Tem muita coisa que a gente pensa mas não consegue explicar tão bem em palavras, e as IAs servem para isso. Para melhorar nossas capacidades.
Apesar de esse mundo ser maravilhoso, eu defendo que qualquer que seja a tecnologia, a pessoa use sem achar que será milagrosa e que vai fazer todo o seu trabalho. É ilusória a ideia de que IA vai fazer o trabalho por você, porque o trabalho criativo depende do fator humano. Cada cérebro é único.
Outro ponto importante é manter o olhar crítico e os pés no chão quando falamos de IA. Essa indústria, no geral, tem que parar de achar que só quem lida com essa tecnologia é gênio e está na vanguarda.
Não somos melhores do que ninguém porque sabemos usar uma ferramenta específica. Tem gente que vai preferir IA, tem gente que vai preferir usar outras ferramentas. E tem espaço para todo mundo.
FC Brasil – Que perguntas você gostaria de estar respondendo no momento?

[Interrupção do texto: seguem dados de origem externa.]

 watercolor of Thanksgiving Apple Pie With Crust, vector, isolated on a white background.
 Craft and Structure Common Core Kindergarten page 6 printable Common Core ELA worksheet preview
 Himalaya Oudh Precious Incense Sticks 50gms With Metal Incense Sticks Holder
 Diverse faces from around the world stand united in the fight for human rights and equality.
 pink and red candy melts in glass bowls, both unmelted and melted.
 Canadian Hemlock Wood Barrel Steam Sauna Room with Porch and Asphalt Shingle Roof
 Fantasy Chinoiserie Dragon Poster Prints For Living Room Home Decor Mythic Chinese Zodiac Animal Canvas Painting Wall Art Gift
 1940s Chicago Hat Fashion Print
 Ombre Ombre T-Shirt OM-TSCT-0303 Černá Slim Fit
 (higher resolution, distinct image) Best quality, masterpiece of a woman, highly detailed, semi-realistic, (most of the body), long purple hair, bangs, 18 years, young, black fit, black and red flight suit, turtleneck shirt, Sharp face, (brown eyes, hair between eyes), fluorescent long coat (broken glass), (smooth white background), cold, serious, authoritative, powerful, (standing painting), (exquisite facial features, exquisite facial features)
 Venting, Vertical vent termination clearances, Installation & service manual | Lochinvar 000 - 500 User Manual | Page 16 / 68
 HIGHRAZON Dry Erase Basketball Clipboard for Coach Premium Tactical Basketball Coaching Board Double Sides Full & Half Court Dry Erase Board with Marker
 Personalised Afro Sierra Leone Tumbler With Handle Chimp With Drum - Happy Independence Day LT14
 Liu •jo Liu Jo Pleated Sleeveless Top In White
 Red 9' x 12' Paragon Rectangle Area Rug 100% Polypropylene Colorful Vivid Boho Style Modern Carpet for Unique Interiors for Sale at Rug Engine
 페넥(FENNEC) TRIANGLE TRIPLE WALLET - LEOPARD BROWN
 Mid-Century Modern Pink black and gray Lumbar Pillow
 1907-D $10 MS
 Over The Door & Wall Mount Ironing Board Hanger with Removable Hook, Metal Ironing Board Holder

Gabriela Moura – Eu queria estar respondendo sobre criatividade, sobre processos criativos. Sobre como conseguir resolver os problemas a partir da criatividade, trabalhando criativamente. Compartilhar sobre os processos com outras mulheres, escutá-las. Quero que isso se torne um movimento recorrente.
Tem todas as questões que permeiam a minha vida e a minha carreira enquanto mulher negra, e isso vai estar sempre refletido nas minhas falas, nas minhas criações, no meu estilo de liderança. Não preciso falar sobre isso abertamente, porque já está no meu trabalho.